The Young Friar and the Emperor

by O. M. Alves

Dom Vital and Emperor Pedro II
Dom Vital and Emperor Pedro II

On September 17, 1875, 130 years ago, an unwilling monarch signed the amnesty order releasing two incarcerated bishops and putting an end to the most dramatic episode in the history of Catholicism in the largest nation of Latin America. For almost three years, what had become known as the "Religious Affair" (Questão Religiosa) had agitated the whole Empire of Brazil — at the end of the terrible ordeal, the longest-serving cabinet in Brazilian parliamentary history had fallen, the Emperor had been forced to capitulate, and the centuries-old alliance between the Church and the House of Braganza had been irretrievably severed.

The Religious Affair in Brazil cannot be understood without proper knowledge of its main character: Bishop Vital Maria Gonçalves de Oliveira, a Capuchin friar, known simply as Dom Vital. This native of the northeastern province of Parahyba had begun his studies for the priesthood in the diocesan seminary of Olinda, and had pursued further studies at the renowned St. Sulpice Seminary in Paris, joining the Capuchins of Versailles shortly thereafter, in 1863. He was ordained to the priesthood while a friar in the Capuchin convent of Toulouse, in 1868.

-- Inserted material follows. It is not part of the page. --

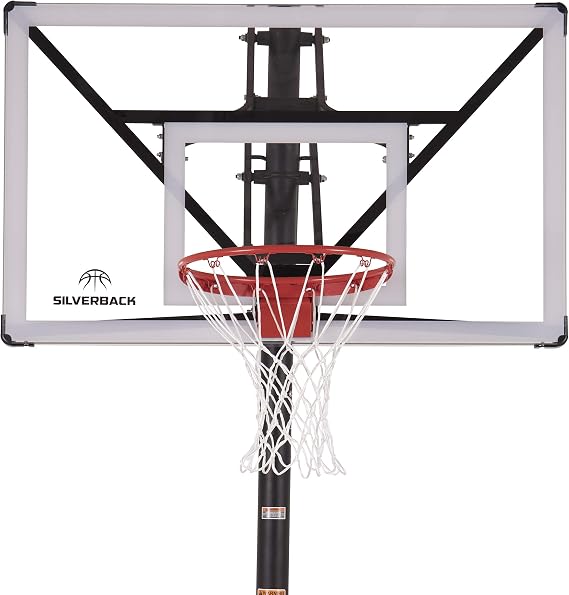 Silverback Height Adjustable In-Ground Basketball Hoop with Tempered Glass Backboard, Pro-Style Breakaway Rim, Pole and Backboard Pad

Upon his return to Brazil, he taught in the diocesan seminary of São Paulo and, after a few years, was surprisingly called upon by the imperial government to fill the vacant see of Olinda — at the age of twenty-six. Though the young friar was reluctant to accept the post, Blessed Pius IX agreed with the imperial indication and nominated him to the episcopate.

Dom Vital began his episcopal ministry in May 1872. An agitated Freemasonry, rattled by the suspension of a Freemason priest by the bishop of Rio de Janeiro earlier in the year, was eager to provoke the clergy throughout the Empire — confident that the government of prime-minister Paranhos, the Viscount of Rio Branco who was also the Great-Master of the largest national Masonic association, would stand by it.

For decades, the male Catholic fraternities and sodalities throughout Brazil had included large numbers of Freemasons. The Catholic fraternities were powerful — in the Diocese of Olinda and in its main city of Recife where the episcopal palace was located, the fraternities owned some of the most important religious buildings. In the entire country, the Church was regarded by the government as a mere administrative office and relations between a largely liberal clergy and the Freemasonry were very amicable. Several priests were also Freemasons.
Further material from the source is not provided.